Apple and Samsung on Tuesday presented closing arguments in their high-stakes patent trial, with each side jockeying for position ahead of jury deliberation expected to start on Wednesday.

Kicking off Tuesday's proceedings was a reading of the 109-page jury instructions by presiding Judge Lucy Koh, who said, “I need everyone to stay conscious during [this] — including myself.” In-court reports from All Things D described the long list of 84 instructions as "byzantine," saying the dry document covered details of patent and antitrust law, willful infringement and the dilution of trade dress. At times Judge Koh called for everyone to stand up and "get the blood flowing again."

Apple's closing arguments

Apple lawyer Harold McElhinny wanted to make three main arguments, reports The Verge, the first being "documents are the most valuable key in the truth-finding function." He went on to say that witnesses can be incorrect, "historical documents are almost always where the truth lies."

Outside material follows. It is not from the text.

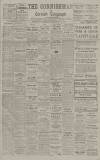 Cornishman Wednesday 05 February 1919 Page 1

The second point, and one of the main arguments in Apple's case, was to take into consideration the chronology of events leading to litigation. McElhinny expounded on chronology for nearly 20 minutes, starting with iPhone development in 2003 and ending with Apple's allegations that Samsung copied the "look and feel" of the iPhone and iPad.

Presented for the jury were two familiar slides illustrating the evolution of Samsung product before and after the iPhone first launched in 2007. The information was also made available during the trials' testimony phase in a single exhibit demonstrating the product timeline of Samsung's handsets and tablets post iPhone and iPad.

Before iPhone

Source: Apple v. Samsung court documents

After iPhone

McElhinny pointed out the "crisis of design" document was in response to the lack of success Samsung suffered directly after the iPhone launched. In the comparison document, the Galaxy S was pitted side-by-side against the iPhone, with Samsung engineers taking note of the many features iOS implemented more efficiently than the Korean company's solutions.

The lawyer then called back to internal Samsung emails that showed Google, maker of the Android operating system, demanded the Korean company change the designs of their Galaxy S smartphones and certain tablet products because they looked too similar to Apple's iDevices.

Concluding the Apple counsel's second point of creating a chronology was McElhinny's assertion that Samsung's top executives "were bound and determined to cash in on the iPhone's success." He attributed the company's resurgence in the marketplace to the allegedly copied features, noting sales "took off after the first iPhone-derived product was added to the mix," referencing the Galaxy S. “They were copying the worlds most successful product,” McElhinny said.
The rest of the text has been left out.